Fifth Amendment Due Process: Unbiased Judge and Impartial Jury
By FindLaw Staff | Legally reviewed by Laura Temme, Esq. | Last reviewed July 21, 2022
This article has been written and reviewed for legal accuracy, clarity, and style by FindLaw’s team of legal writers and attorneys and in accordance with our editorial standards.
The last updated date refers to the last time this article was reviewed by FindLaw or one of our contributing authors. We make every effort to keep our articles updated. For information regarding a specific legal issue affecting you, please contact an attorney in your area.
Many constitutional questions revolve around the way different parts of the Constitution interact with each other.

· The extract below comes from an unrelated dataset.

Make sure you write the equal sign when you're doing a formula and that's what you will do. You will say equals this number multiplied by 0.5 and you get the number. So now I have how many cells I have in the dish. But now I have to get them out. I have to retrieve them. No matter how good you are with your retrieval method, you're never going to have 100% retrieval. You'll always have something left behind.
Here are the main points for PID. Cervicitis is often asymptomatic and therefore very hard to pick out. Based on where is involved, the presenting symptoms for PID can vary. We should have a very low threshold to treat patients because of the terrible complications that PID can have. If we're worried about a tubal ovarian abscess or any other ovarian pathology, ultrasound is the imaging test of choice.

For example, the Sixth Amendment guarantees the right to a trial by an "impartial jury," which is then considered part of the "due process" of law required by the Fifth Amendment.

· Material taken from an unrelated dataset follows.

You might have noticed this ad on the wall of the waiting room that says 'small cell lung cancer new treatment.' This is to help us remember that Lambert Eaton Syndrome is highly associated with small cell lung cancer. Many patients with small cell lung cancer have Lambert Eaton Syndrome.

This article provides a scholarly analysis of Fifth Amendment due process. If you or someone you know faces criminal charges, it's important to speak with an attorney to learn how to protect your constitutional rights.
What the Fifth Amendment Says
"No person shall be held to answer for a capital, or otherwise infamous crime, unless on a presentment or indictment of a Grand Jury, except in cases arising in the land or naval forces, or in the Militia, when in actual service in time of War or public danger; nor shall any person be subject for the same offence to be twice put in jeopardy of life or limb; nor shall be compelled in any criminal case to be a witness against himself, nor be deprived of life, liberty, or property, without due process of law; nor shall private property be taken for public use, without just compensation."
What It Means
United States Library of Congress, The Constitution of the United States of America: Analysis and Interpretation
The provisions of the Bill of Rights now applicable to the states contain basic guarantees of a fair trial—right to counsel, right to speedy and public trial, right to be free from the use of unlawfully seized evidence and unlawfully obtained confessions, and the like. But this does not exhaust the requirements of fairness. As the Supreme Court stated in Snyder v. Massachusetts:
"Due process of law requires that the proceedings shall be fair, but fairness is a relative, not an absolute concept. . . . What is fair in one set of circumstances may be an act of tyranny in others."1
However, the Court has also acknowledged that due process is especially important in criminal trials:
"[A]s applied to a criminal trial, denial of due process is the failure to observe that fundamental fairness essential to the very concept of justice. In order to declare a denial of it . . . [the Court] must find that the absence of that fairness fatally infected the trial; the acts complained of must be of such quality as necessarily prevents a fair trial."2
For instance, bias or prejudice either inherent in the structure of the trial system or as imposed by external events will deny one's right to a fair trial. Thus, in Tumey v. Ohio,3 it was held to violate due process for a judge to receive compensation out of the fines imposed on convicted defendants, and no compensation beyond his salary) if he does not convict those who are brought before him.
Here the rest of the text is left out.